» What the task requires:
Reproduce the lines below exactly. Skip images.

» Data:
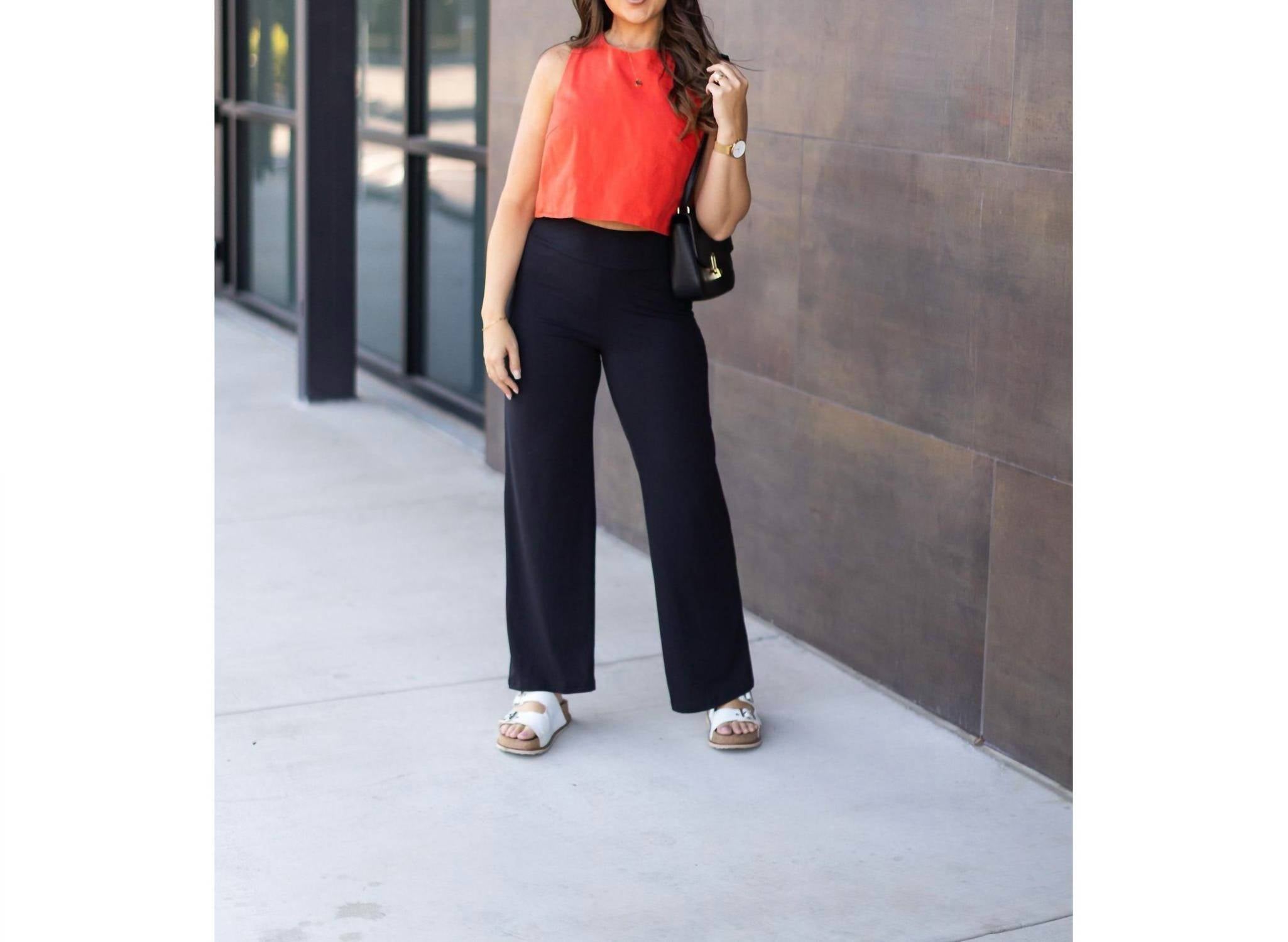 Julia Rose Brooke Wide Leg Full-length Luxe Leggings in black - women's pants - view 8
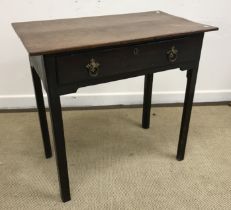 An 18th Century oak single drawer side table on square moulded and chamfered supports,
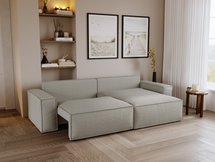 Brylio L-shaped corner sofa with sleeping function with storage, universal, light gray plush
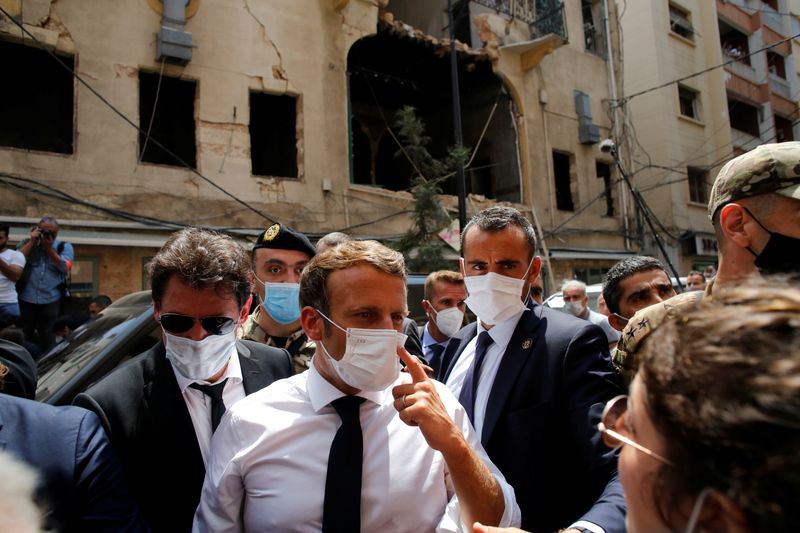 French President Emmanuel Macron visits devastated streets of Beirut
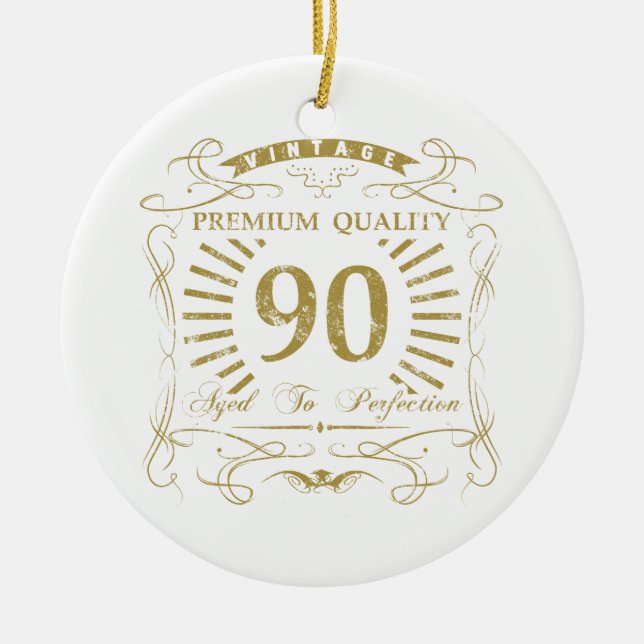 90th Birthday Gag Gift Ceramic Ornament (Front)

» Task solution:
 Julia Rose Brooke Wide Leg Full-length Luxe Leggings in black - women's pants - view 8
 An 18th Century oak single drawer side table on square moulded and chamfered supports,
 Brylio L-shaped corner sofa with sleeping function with storage, universal, light gray plush
 French President Emmanuel Macron visits devastated streets of Beirut
 90th Birthday Gag Gift Ceramic Ornament (Front)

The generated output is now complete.